Conflicten vorsten met adel en steden - 1

In de Middeleeuwen vormde de hoge adel (en de daarvan afhankelijke lagere adel) een hiƫrarchische klasse van grootgrondbezitters, die de beschikking had over militaire middelen en land. De vorst kon in geval van gewapende conflicten een beroep doen op de adel. De adel was een gesloten kaste met een eigen cultuur en taalgebruik waarvan je door geboorte deel uitmaakte. In de late Middeleeuwen werd de positie van rijke handeldrijvende burgers in de steden steeds belangrijker. Personeel voor de uitdijende koninklijke bureaucratie werd steeds meer gerekruteerd uit deze nieuwe klasse van goed opgeleide burgers. De macht van de adel kalfde daarmee langzaam af. Steden kregen door handel meer macht en hadden bestuur en rechtspraak vaak in eigen hand. De adel kon hier weinig tegen uitrichten omdat zij geen handel mochten drijven. Na 1500 toen de bevolking groeide en de prijzen stegen(voedselschaarste) bleef het inkomen van de adel achter. Pachtafspraken werden voor lange perioden vastgesteld en konden niet zonder slag of stoot worden aangepast. De adel werd qua inkomen afhankelijker van de vorst die daar graag misbruik van maakte.

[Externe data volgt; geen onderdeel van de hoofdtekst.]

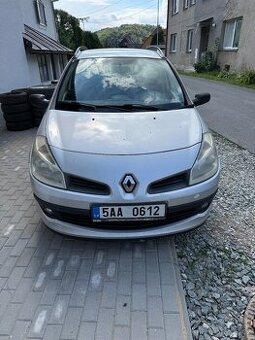 Renault Clio 1.5dci 50kW rok 2008
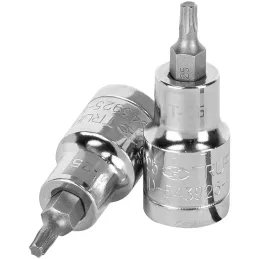 Dados Punta Torx T-25 E1/2 CrVanadio Truper 13435 Truper-Dados Punta Torx T-25 E1/2 CrVanadio Truper 13435 Fabricado en acero al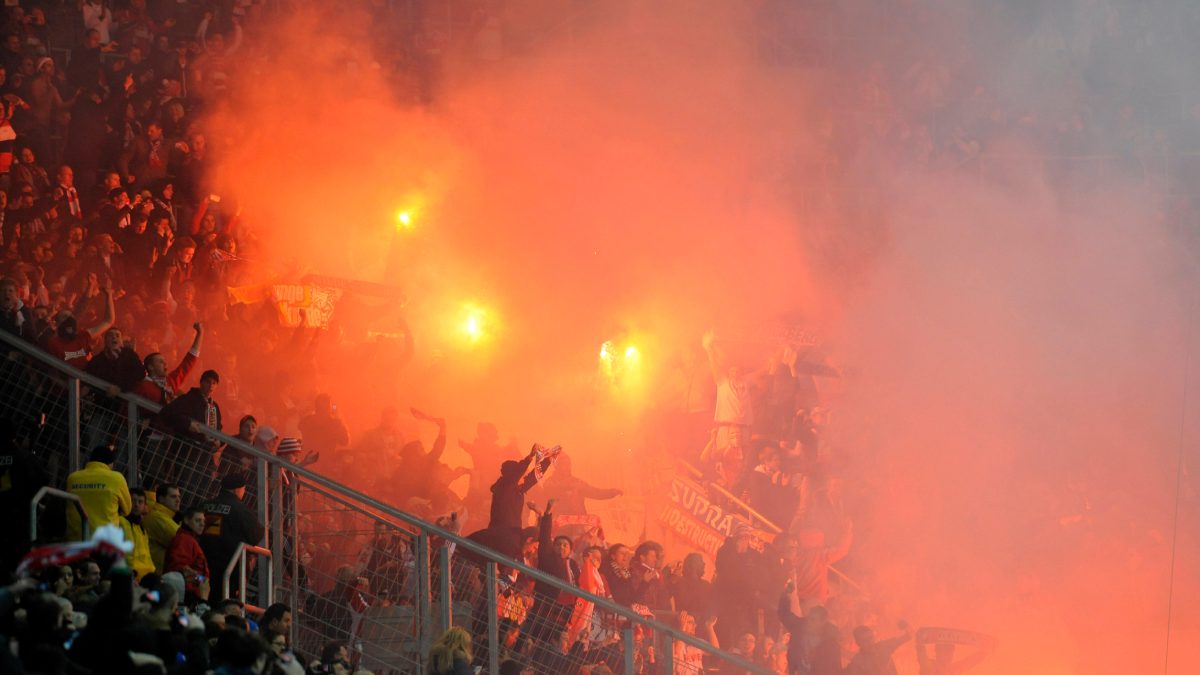 Fußball Hooligans
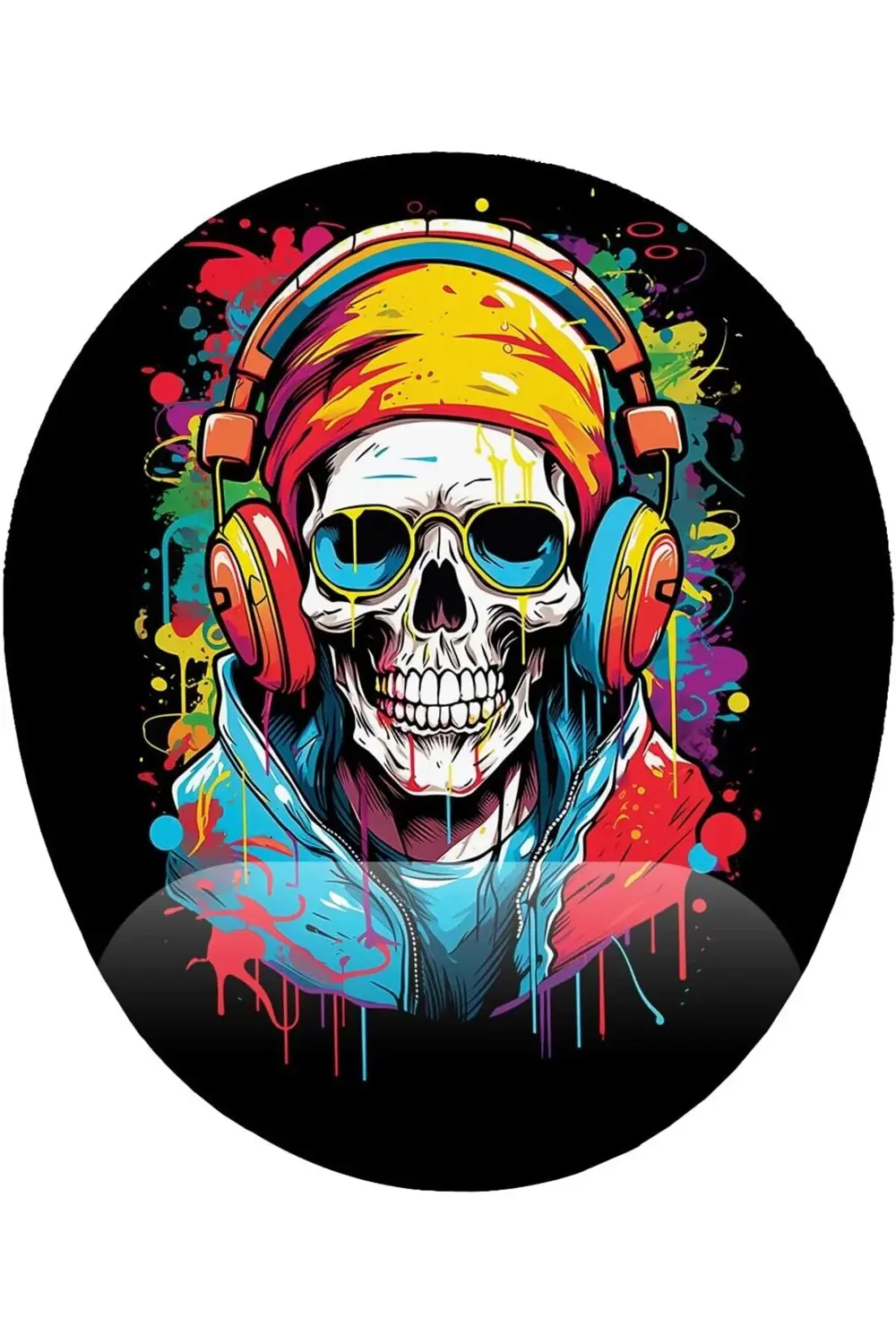 aclyashop Skull Mouse Pad NewDesing 1058548
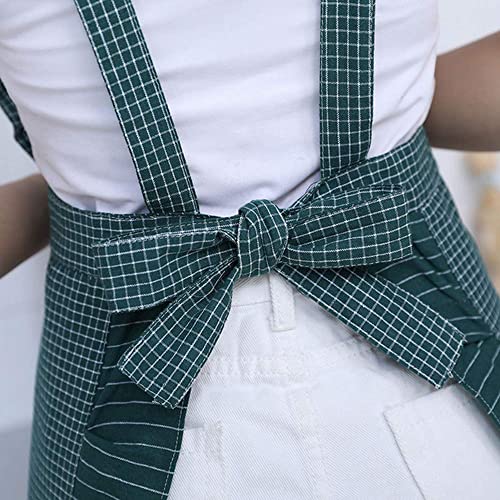 Princess Apron for Women with Pockets (Grenn)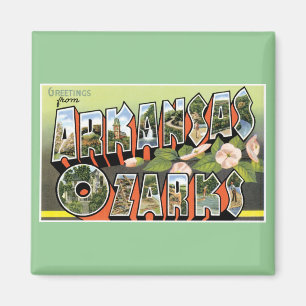 Groeten van de Ozarks. Magneet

In het proces van staatsvorming probeerden vorsten belastingmaatregelen te nemen die ten koste gingen van de machtsposities van de adel en de steden. Een gecentraliseerde staat kon alleen bereikt worden als de macht van de delen werd beperkt en als er een efficiƫnt belastingstelsel werd ingevoerd om de hoge kosten van een uitdijende bureaucratie en van oorlogen met rivalen te kunnen bekostigen.